The White House narrative vilifying Acosta as someone who mistreats young women fits into a larger pattern of this administration using women’s bodies as a battleground to promote a larger agenda.
Juxtapose the Trump administration’s treatment toward this unnamed intern, whose fabricated plight has been used to make a move against an “enemy of the people,” with the president’s treatment of CNN’s Abby Phillip and American Urban Radio Networks’ April Ryan during another press conference two days later. Phillip and Ryan, who are both black women, were on the receiving end of the president’s ire on Friday. Phillip was insulted for asking a question about the interim Attorney General’s intentions toward the Mueller investigation. “What a stupid question,” Trump marvelled at Phillip. “But I watch you a lot, and you ask a lot of stupid questions.” Ryan was brought up unprompted in a discussion of the revocation of Acosta’s press pass along with an ominious warning that such a fate could befall other reporters. “You talk about somebody that's a loser,” Trump said of Ryan. “She doesn't know what the hell she's doing...She's very nasty, and she shouldn't be.

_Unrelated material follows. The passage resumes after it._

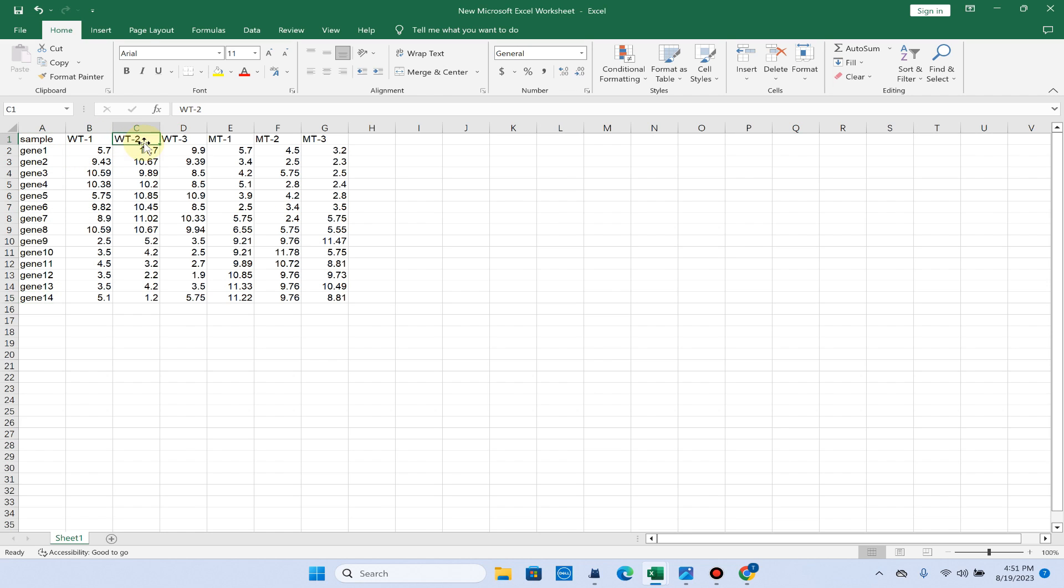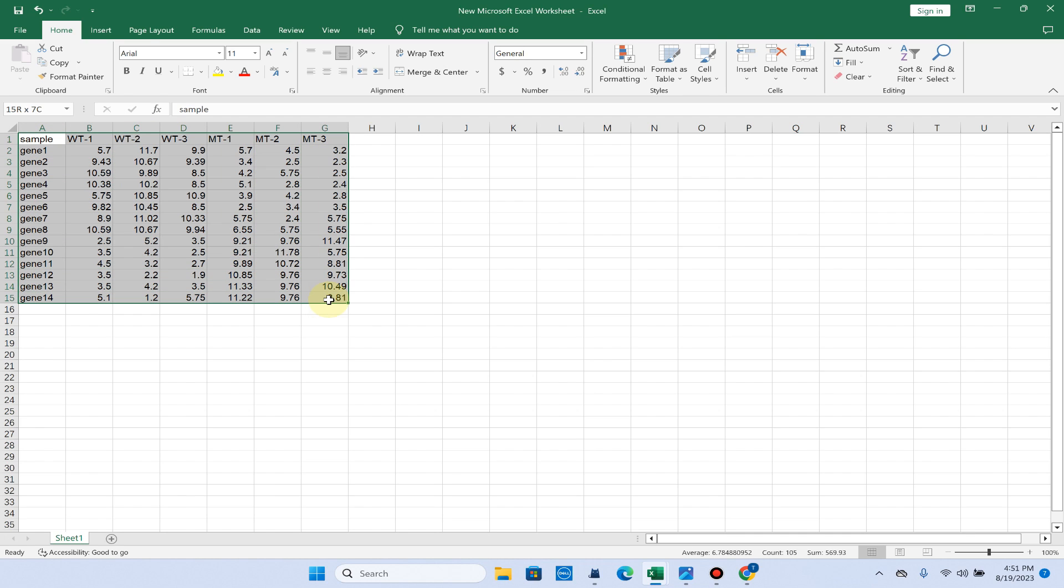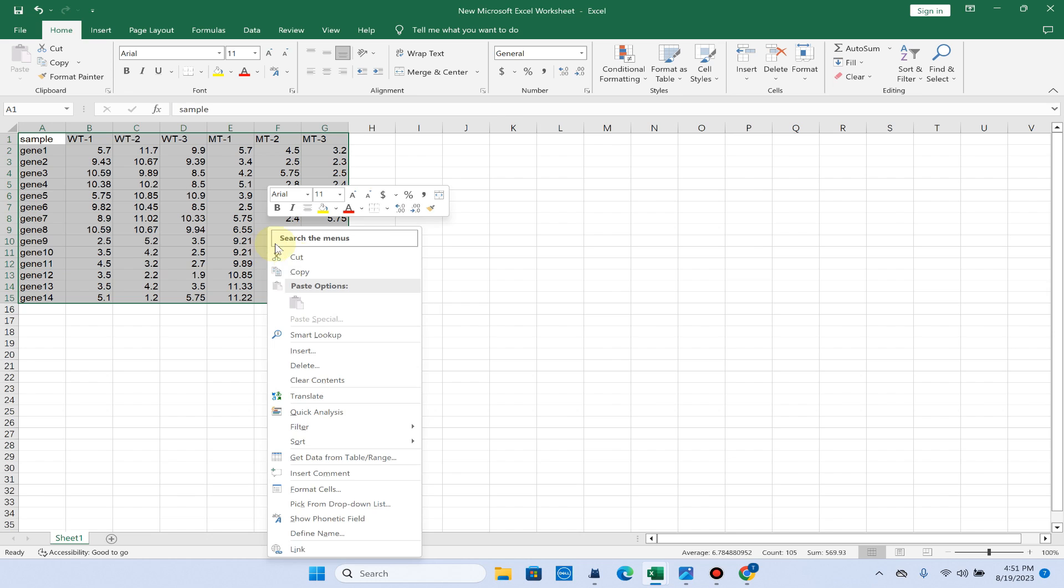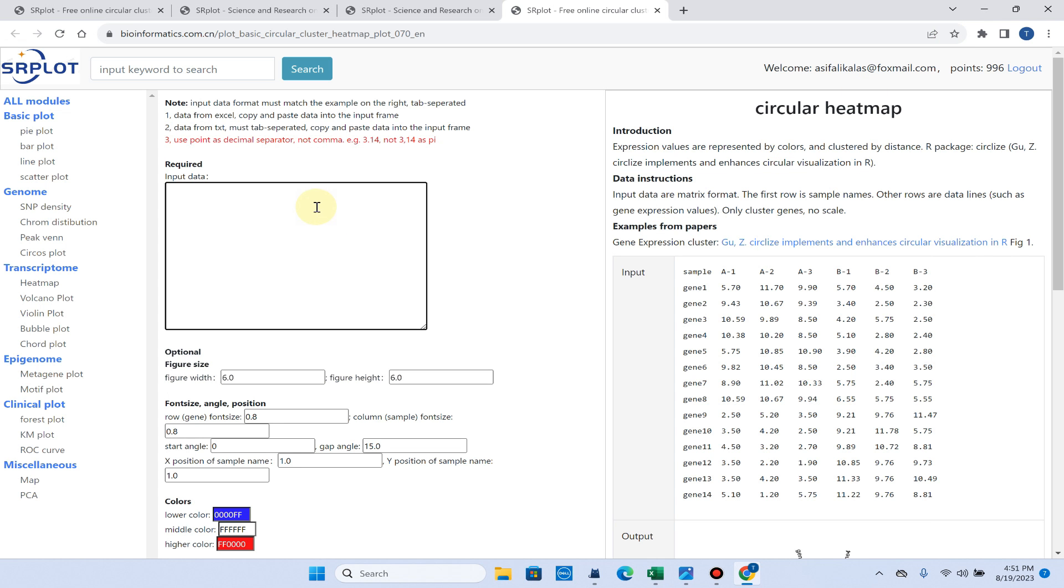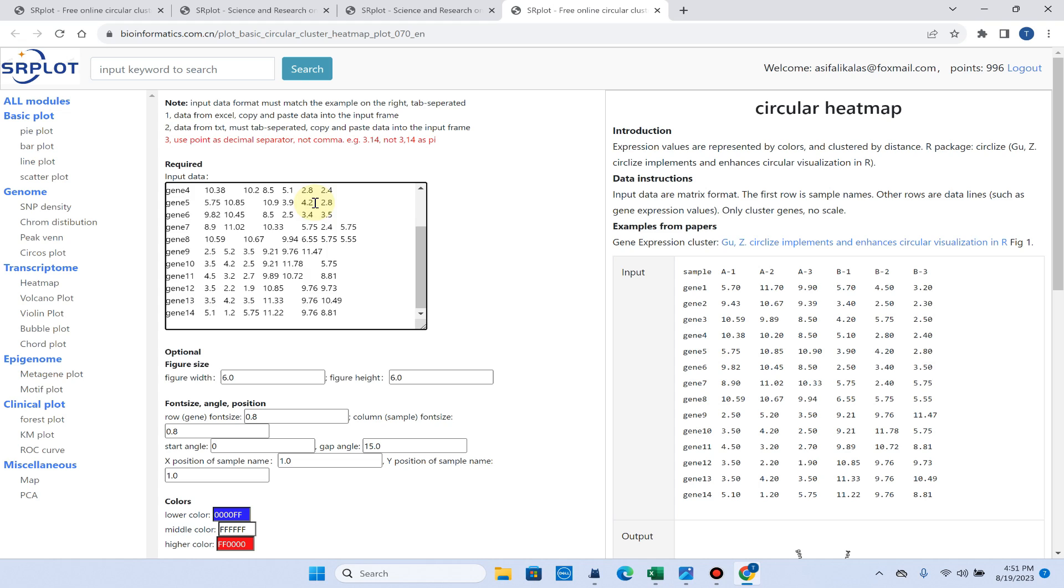Here you can see I have 3 replicates of wild type and 3 replicates of mutant type. You can put your data in this format and simply copy all these expression values or fold changes values and directly paste them in this input data box.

You’ve got to treat the White House and the office of the presidency with respect.” Three women, all doing their jobs, and yet victimhood and a show of fierce protection is projected onto one—quiet, white, aligned with the goals of the administration—and the other two are not only not offered a modicum of that courtesy but are specifically insulted and demeaned, allegedly for a lack of “respect.” The interest, clearly, is not on the treatment of women but on how making a show of treating women well can reflect positively on her protectors.

Perhaps the more poignant example of this selective chivalry can be seen in the administration’s reaction to Christine Blasey Ford, who testified against then Supreme Court nominee Brett Kavanaugh. While initially referring to Ford as a “good witness,” Trump quickly began to cast aspersions on Ford’s testimony at a campaign rally, emphasizing aspects of the 36-year-old story she could not clearly recall. (Sanders would later defend the president as “just stating facts.”)

According to the alleged rules of chivalry, as a woman, Dr. Ford should have been eligible for a version of the protection shown to the “young woman” at the press conference, particularly as a wealthy white woman. But controlling her own narrative—on her terms, for her benefit, to the detriment of the administration’s political agenda--meant that she was not following the script that allowed for any such courtesy, either traditional, Romantic, or the kind that’s wrapped in the co-opted language of feminism. The president’s reaction to Ford highlights that chivalry’s primary focus will always be the advancement of an existing power structure: to secure favor one must fall in line and, more importantly, be useful to the larger narrative.

“A man’s life is shattered,” Trump declared (referring to Kavanaugh who was formally welcomed to the Supreme Court in a ceremony on Thursday). Later, he urged the audience to “Think of your son. Think of your husband.” As if they wouldn’t. As if the knight’s image—and agenda—hasn’t been the most important part of this fairy tale all along.